* **Available data**:
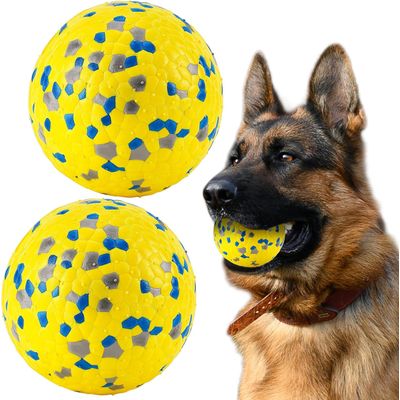 2 balles chien indestructible, 7 cm, jaune, jouet interactif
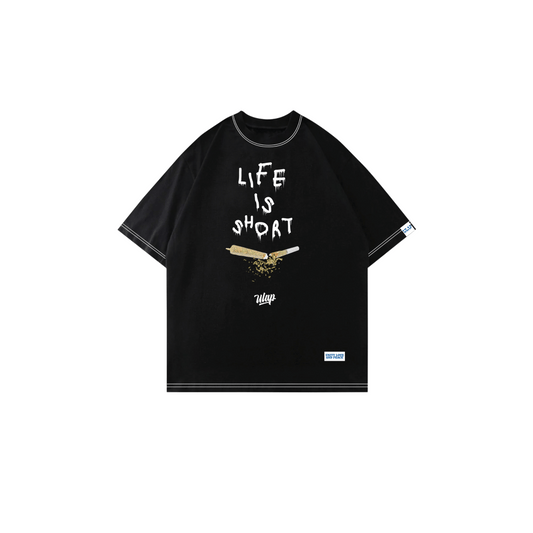 LIFE IS SHORT ULAP ( Casual Black & White Tshirt )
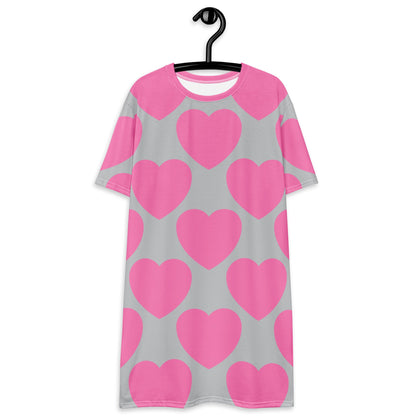T-shirt dress - ELLIE LOVE pink grey - Bold heart print 6XL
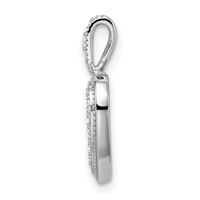 14K White Gold 0.38 Carat Lab Grown Diamond VS SI+ G+ Complete Framed Heart Pendant view 2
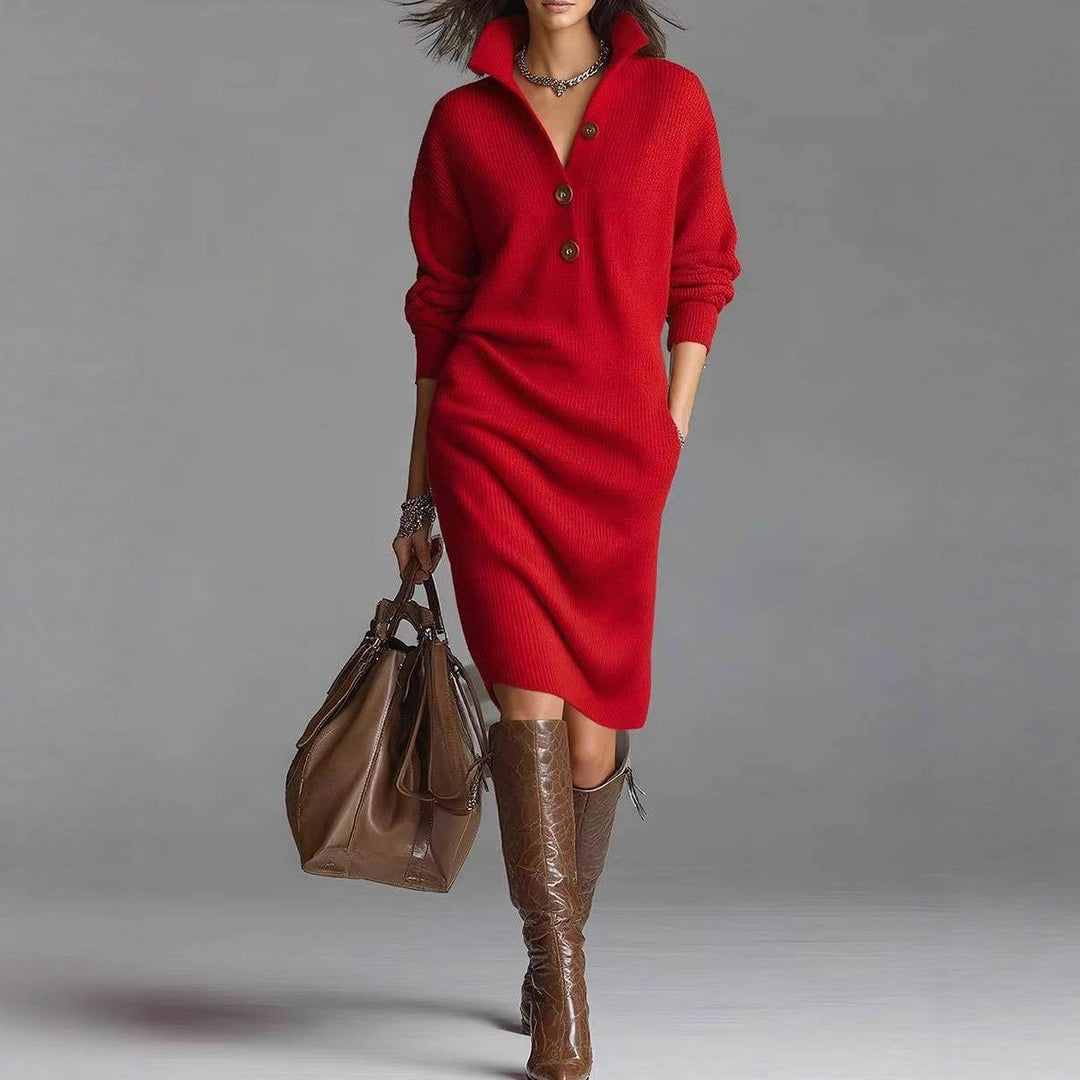 Red long sleeve sweater dress close-up showing V-neck buttons and rib knit details, soft winter wardrobe essential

* **Task requirements**:
Reproduce all of the entries word for word, skipping any pictures they hold.

* **Problem solution**:
 2 balles chien indestructible, 7 cm, jaune, jouet interactif
 LIFE IS SHORT ULAP ( Casual Black & White Tshirt )
T-shirt dress - ELLIE LOVE pink grey - Bold heart print 6XL
 14K White Gold 0.38 Carat Lab Grown Diamond VS SI+ G+ Complete Framed Heart Pendant view 2
 Red long sleeve sweater dress close-up showing V-neck buttons and rib knit details, soft winter wardrobe essential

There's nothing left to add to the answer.